« Le marché du travail structurellement malade » (Stéphane Auray )
Pas vraimenet une découverte mais une confirmation Selon Stéphane Auray, professeur d’économie à l’École nationale de la statistique et de l’analyse de l’information qui souligne le caractère structurel du chômage en France (intreview le Figaro)
Êtes-vous surpris par les très mauvais chiffres de l’emploi salarié?
Stéphane AURAY.- Non, pas du tout. Selon nos calculs, la probabilité de tomber au chômage n’a jamais été aussi forte depuis 2009. Or, dans le même temps, la probabilité d’en sortir n’a jamais été aussi faible depuis vingt-cinq ans! Aux États-Unis, au plus fort de la récession, la probabilité de retrouver un emploi a fortement chuté, mais elle a bien rebondi depuis. Hélas, les Français peuvent encore aujourd’hui très facilement tomber au chômage, tout en ayant très peu de chances d’en sortir.
Les Français restent donc de plus en plus longtemps au chômage.
Tout à fait. À tel point que le nombre de personnes au chômage depuis trois ans ou plus est en train de rejoindre celui des demandeurs d’emploi depuis moins de trois mois. C’est très inquiétant, car il existe un risque que le chômage de longue durée soit en partie irréversible et que cela entraîne une perte de capital humain pour la France.
Pourquoi n’arrive-t-on pas à faire baisser le chômage?
Le contexte n’est pas porteur. Nous sommes sur le point de tomber dans le piège de la déflation, avec une croissance très faible – 1 % prévu pour 2015 – et une inflation atone que la stagnation des salaires ne permettra pas de relancer. S’ajoute à cela une fiscalité française désavantageuse pour les entreprises, qui sont donc encore moins incitées à investir.
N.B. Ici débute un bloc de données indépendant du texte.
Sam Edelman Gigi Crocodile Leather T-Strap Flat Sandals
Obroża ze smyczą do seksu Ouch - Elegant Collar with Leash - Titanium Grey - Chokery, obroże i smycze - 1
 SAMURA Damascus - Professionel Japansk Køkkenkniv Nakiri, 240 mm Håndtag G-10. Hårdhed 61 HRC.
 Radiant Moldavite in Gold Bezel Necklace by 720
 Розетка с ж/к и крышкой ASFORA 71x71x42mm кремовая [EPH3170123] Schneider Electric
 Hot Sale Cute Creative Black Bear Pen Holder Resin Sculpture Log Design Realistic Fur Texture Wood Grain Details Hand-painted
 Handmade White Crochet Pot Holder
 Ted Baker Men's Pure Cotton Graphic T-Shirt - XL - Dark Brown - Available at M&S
La politique de l’emploi menée actuellement est-elle la bonne?
Même s’il faut du temps pour évaluer une politique économique, le crédit d’impôt compétitivité emploi (CICE) et le pacte de responsabilité n’ont eu jusqu’à présent qu’un impact très faible sur l’emploi. Non pas qu’une baisse des charges soit inadaptée. Mais celle menée actuellement n’est pas calibrée au mieux pour créer des emplois. Il faudrait plutôt cibler les petites entreprises et les salaires proches du smic. Les économistes Pierre Cahuc et Stéphane Carcillo ont ainsi démontré à partir du dispositif «zéro charge» mis en place fin 2008 qu’une baisse du coût du travail de 1 % ciblée sur les bas salaires et les petites entreprises entraîne une hausse de 2 % de l’emploi au bout d’un an.
Faut-il vraiment favoriser le travail non qualifié?
Il n’y a rien de mal à cela. Si les charges sont moins lourdes et que cela permet de relancer l’emploi, cela montre bien que notre économie a besoin de ce travail non qualifié. De surcroît, un employé a vocation à améliorer sa productivité tout au long de sa vie grâce à la formation continue.
Croyez-vous à une inversion de la courbe en 2015?
Je ne vois pas ce qui pourrait laisser espérer un tel retournement à court terme. Le marché du travail français est structurellement malade et malheureusement nous n’avons jamais cherché à le réformer en profondeur.